■ Problem statement: Repeat the data in full and exactly. Leave the pictures out.

■ Recorded information:
━━━━━━━━

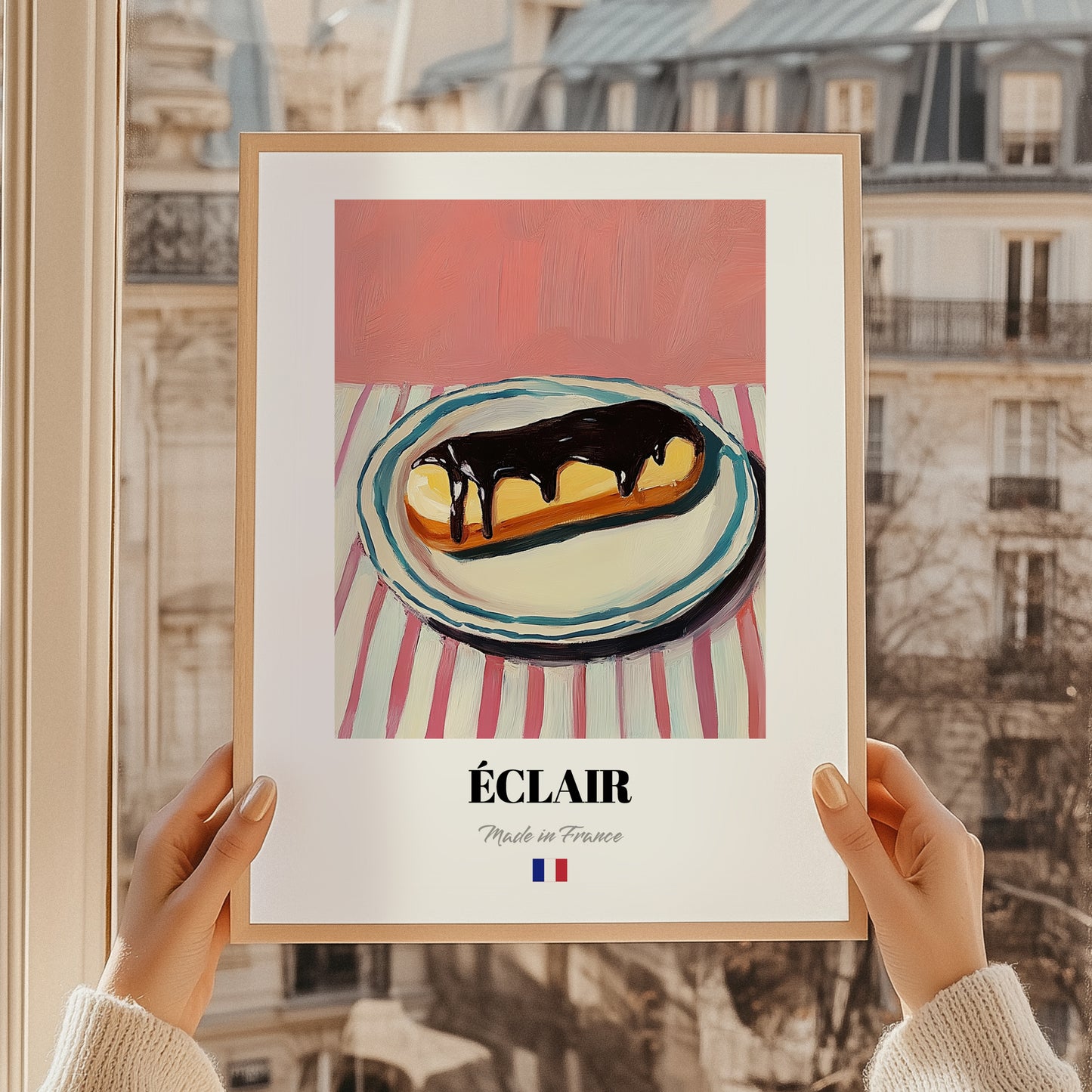 Éclair – on Striped Tablecloth, French French Pastry Still Life, styled in a charming Paris street view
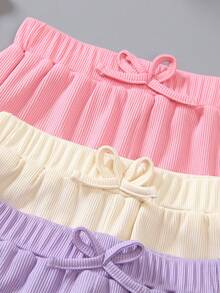 3pcs/Set Young Girls Solid Color Casual Crew Neck Sleeveless Tank Top Bowknot Decorated Shorts Summer Outfit - Multicolor - View 5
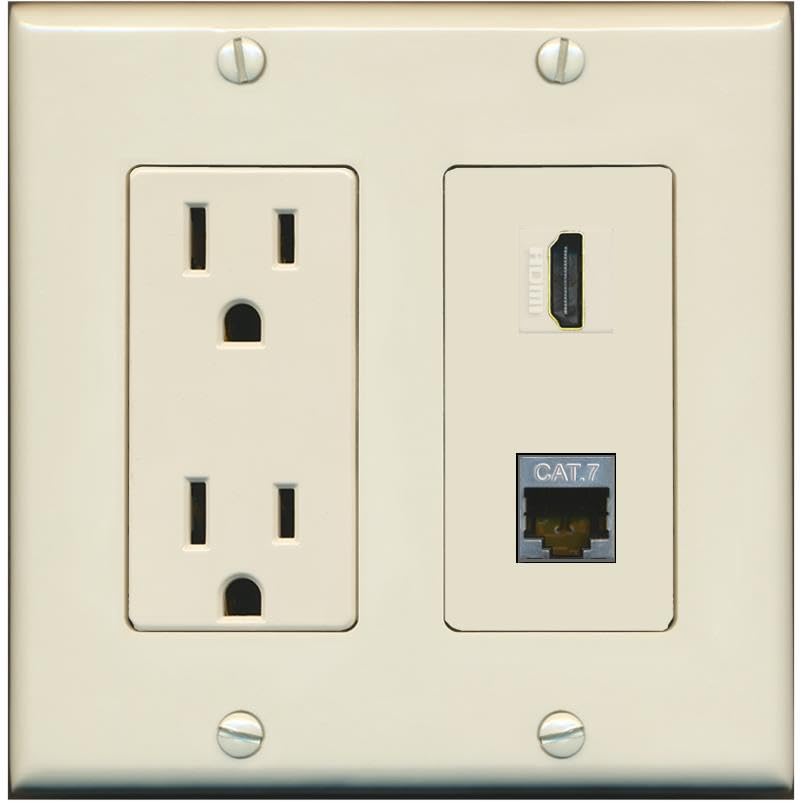 RiteAV HDMI and Cat7 Wall Plate - Outlet [Light-Almond]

━━━━━━━━

■ Task answer:
 Éclair – on Striped Tablecloth, French French Pastry Still Life, styled in a charming Paris street view
 3pcs/Set Young Girls Solid Color Casual Crew Neck Sleeveless Tank Top Bowknot Decorated Shorts Summer Outfit - Multicolor - View 5
 RiteAV HDMI and Cat7 Wall Plate - Outlet [Light-Almond]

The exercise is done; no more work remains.